======== Data ========

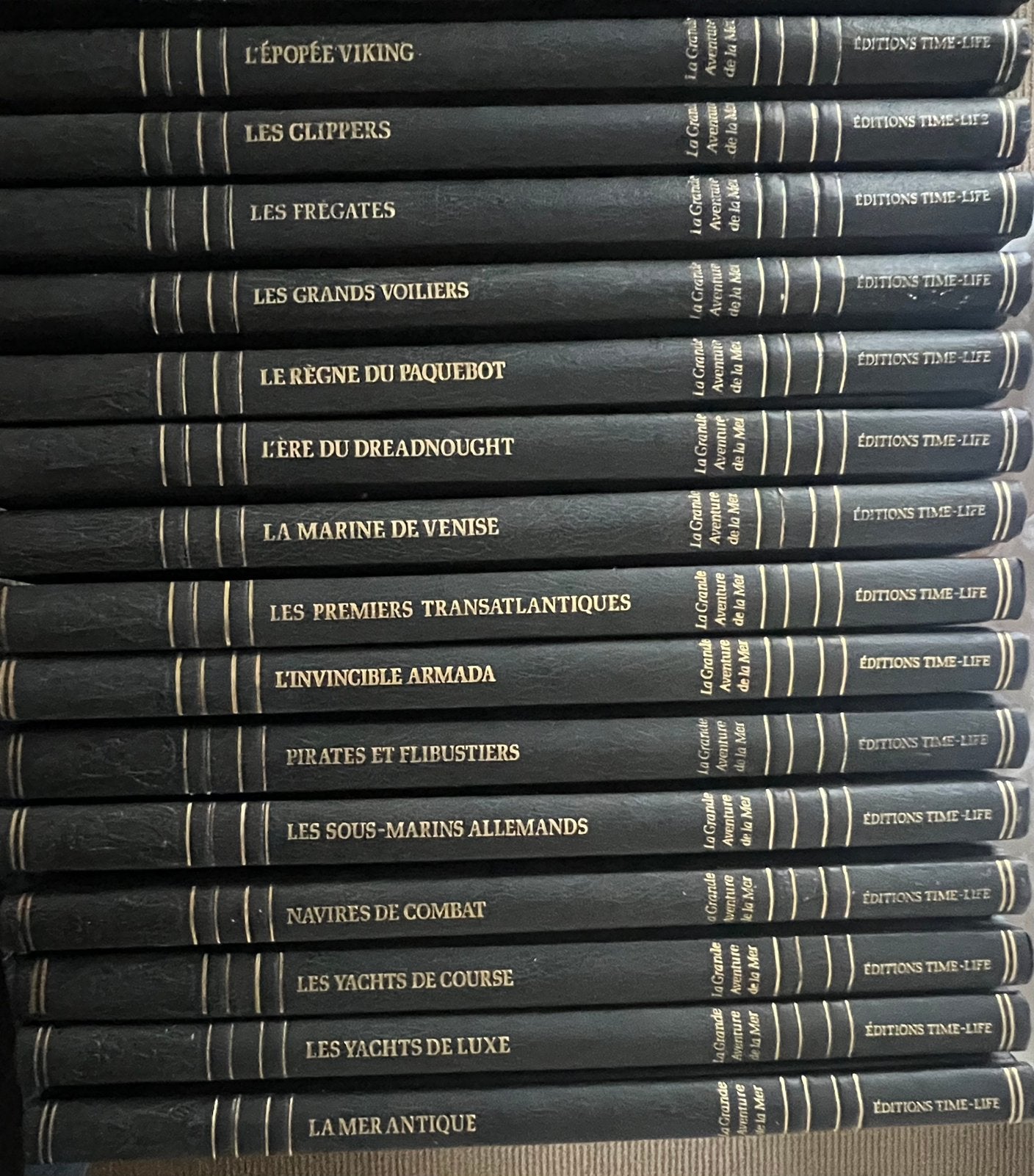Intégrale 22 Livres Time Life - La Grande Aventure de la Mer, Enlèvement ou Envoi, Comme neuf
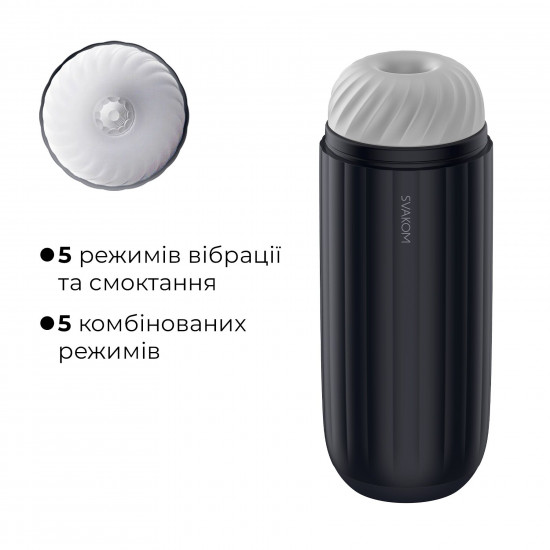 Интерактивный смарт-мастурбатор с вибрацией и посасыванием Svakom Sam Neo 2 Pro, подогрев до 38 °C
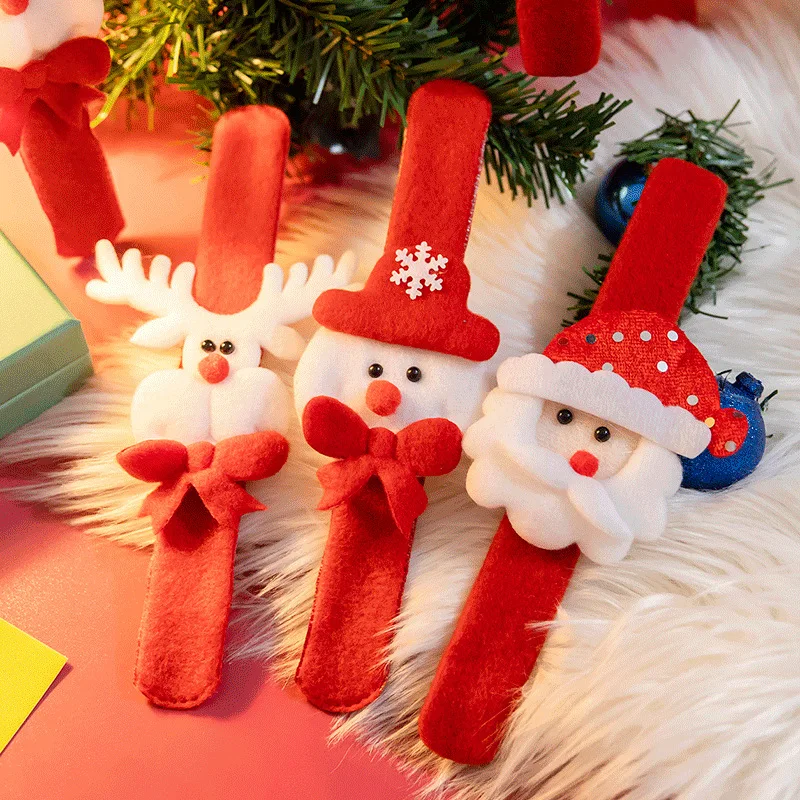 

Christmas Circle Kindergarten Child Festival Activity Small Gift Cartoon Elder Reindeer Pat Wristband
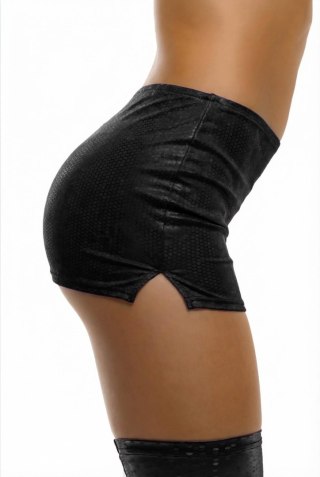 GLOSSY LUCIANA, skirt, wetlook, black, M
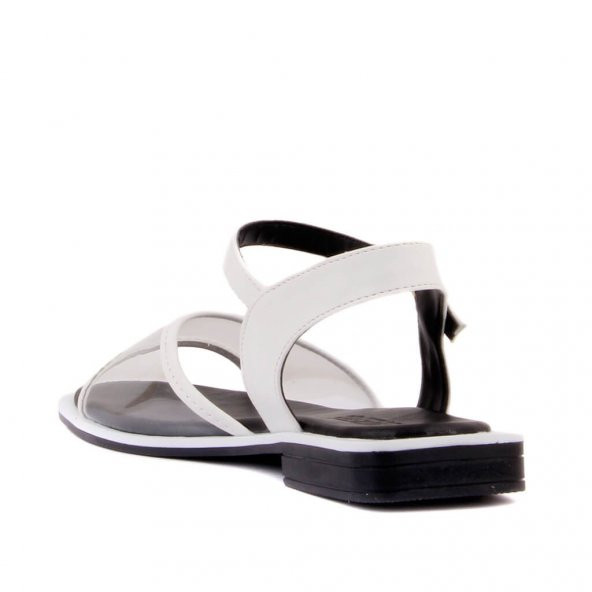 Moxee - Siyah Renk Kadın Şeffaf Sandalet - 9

========

Reproduce every record exactly; images stay out.

Intégrale 22 Livres Time Life - La Grande Aventure de la Mer, Enlèvement ou Envoi, Comme neuf
 Интерактивный смарт-мастурбатор с вибрацией и посасыванием Svakom Sam Neo 2 Pro, подогрев до 38 °C

Christmas Circle Kindergarten Child Festival Activity Small Gift Cartoon Elder Reindeer Pat Wristband
 GLOSSY LUCIANA, skirt, wetlook, black, M
 Moxee - Siyah Renk Kadın Şeffaf Sandalet - 9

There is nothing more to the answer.